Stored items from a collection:
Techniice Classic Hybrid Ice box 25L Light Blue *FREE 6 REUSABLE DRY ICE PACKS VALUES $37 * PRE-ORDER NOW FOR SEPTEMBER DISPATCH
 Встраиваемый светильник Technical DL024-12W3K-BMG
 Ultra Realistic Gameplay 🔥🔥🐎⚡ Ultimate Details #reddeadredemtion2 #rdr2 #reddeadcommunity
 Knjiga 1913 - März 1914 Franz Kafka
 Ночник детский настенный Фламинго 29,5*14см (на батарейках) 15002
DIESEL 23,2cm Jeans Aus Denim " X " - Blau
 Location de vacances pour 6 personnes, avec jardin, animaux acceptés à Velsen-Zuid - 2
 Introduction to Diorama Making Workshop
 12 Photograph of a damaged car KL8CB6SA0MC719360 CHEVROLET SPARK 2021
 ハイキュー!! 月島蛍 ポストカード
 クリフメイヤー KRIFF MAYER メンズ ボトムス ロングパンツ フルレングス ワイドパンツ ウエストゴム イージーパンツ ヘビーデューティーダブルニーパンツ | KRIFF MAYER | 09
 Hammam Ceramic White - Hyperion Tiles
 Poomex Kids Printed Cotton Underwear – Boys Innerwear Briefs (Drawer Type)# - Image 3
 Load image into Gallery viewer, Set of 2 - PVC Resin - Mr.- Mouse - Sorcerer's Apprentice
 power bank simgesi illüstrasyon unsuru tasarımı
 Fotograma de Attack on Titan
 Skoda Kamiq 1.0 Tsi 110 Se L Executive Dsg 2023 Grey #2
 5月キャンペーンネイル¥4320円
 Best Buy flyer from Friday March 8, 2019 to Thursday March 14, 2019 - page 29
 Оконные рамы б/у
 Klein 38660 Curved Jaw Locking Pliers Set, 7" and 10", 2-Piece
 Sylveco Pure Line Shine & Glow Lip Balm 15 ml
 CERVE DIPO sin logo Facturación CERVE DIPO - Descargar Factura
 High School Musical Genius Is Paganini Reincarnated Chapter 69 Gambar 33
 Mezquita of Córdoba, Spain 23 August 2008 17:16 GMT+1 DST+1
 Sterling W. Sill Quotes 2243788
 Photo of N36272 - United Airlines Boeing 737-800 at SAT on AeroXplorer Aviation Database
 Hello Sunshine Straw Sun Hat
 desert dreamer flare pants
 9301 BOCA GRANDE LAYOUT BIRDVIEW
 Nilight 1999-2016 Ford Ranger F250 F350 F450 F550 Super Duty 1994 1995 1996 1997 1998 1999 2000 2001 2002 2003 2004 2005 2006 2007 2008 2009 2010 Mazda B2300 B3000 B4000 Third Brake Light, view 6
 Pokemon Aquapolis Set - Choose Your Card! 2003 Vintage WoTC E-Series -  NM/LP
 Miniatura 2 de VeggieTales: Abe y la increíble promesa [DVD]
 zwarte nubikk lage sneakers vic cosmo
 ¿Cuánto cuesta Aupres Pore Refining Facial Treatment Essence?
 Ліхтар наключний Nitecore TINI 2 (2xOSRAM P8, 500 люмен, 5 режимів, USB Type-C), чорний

Aim of the task
Give the data again, exactly.

Solution for this problem
Techniice Classic Hybrid Ice box 25L Light Blue *FREE 6 REUSABLE DRY ICE PACKS VALUES $37 * PRE-ORDER NOW FOR SEPTEMBER DISPATCH
 Встраиваемый светильник Technical DL024-12W3K-BMG
 Ultra Realistic Gameplay 🔥🔥🐎⚡ Ultimate Details #reddeadredemtion2 #rdr2 #reddeadcommunity
 Knjiga 1913 - März 1914 Franz Kafka
 Ночник детский настенный Фламинго 29,5*14см (на батарейках) 15002
DIESEL 23,2cm Jeans Aus Denim " X " - Blau
 Location de vacances pour 6 personnes, avec jardin, animaux acceptés à Velsen-Zuid - 2
 Introduction to Diorama Making Workshop
 12 Photograph of a damaged car KL8CB6SA0MC719360 CHEVROLET SPARK 2021
 ハイキュー!! 月島蛍 ポストカード
 クリフメイヤー KRIFF MAYER メンズ ボトムス ロングパンツ フルレングス ワイドパンツ ウエストゴム イージーパンツ ヘビーデューティーダブルニーパンツ | KRIFF MAYER | 09
 Hammam Ceramic White - Hyperion Tiles
 Poomex Kids Printed Cotton Underwear – Boys Innerwear Briefs (Drawer Type)# - Image 3
 Load image into Gallery viewer, Set of 2 - PVC Resin - Mr.- Mouse - Sorcerer's Apprentice
 power bank simgesi illüstrasyon unsuru tasarımı
 Fotograma de Attack on Titan
 Skoda Kamiq 1.0 Tsi 110 Se L Executive Dsg 2023 Grey #2
 5月キャンペーンネイル¥4320円
 Best Buy flyer from Friday March 8, 2019 to Thursday March 14, 2019 - page 29
 Оконные рамы б/у
 Klein 38660 Curved Jaw Locking Pliers Set, 7" and 10", 2-Piece
 Sylveco Pure Line Shine & Glow Lip Balm 15 ml
 CERVE DIPO sin logo Facturación CERVE DIPO - Descargar Factura
 High School Musical Genius Is Paganini Reincarnated Chapter 69 Gambar 33
 Mezquita of Córdoba, Spain 23 August 2008 17:16 GMT+1 DST+1
 Sterling W. Sill Quotes 2243788
 Photo of N36272 - United Airlines Boeing 737-800 at SAT on AeroXplorer Aviation Database
 Hello Sunshine Straw Sun Hat
 desert dreamer flare pants
 9301 BOCA GRANDE LAYOUT BIRDVIEW
 Nilight 1999-2016 Ford Ranger F250 F350 F450 F550 Super Duty 1994 1995 1996 1997 1998 1999 2000 2001 2002 2003 2004 2005 2006 2007 2008 2009 2010 Mazda B2300 B3000 B4000 Third Brake Light, view 6
 Pokemon Aquapolis Set - Choose Your Card! 2003 Vintage WoTC E-Series -  NM/LP
 Miniatura 2 de VeggieTales: Abe y la increíble promesa [DVD]
 zwarte nubikk lage sneakers vic cosmo
 ¿Cuánto cuesta Aupres Pore Refining Facial Treatment Essence?
 Ліхтар наключний Nitecore TINI 2 (2xOSRAM P8, 500 люмен, 5 режимів, USB Type-C), чорний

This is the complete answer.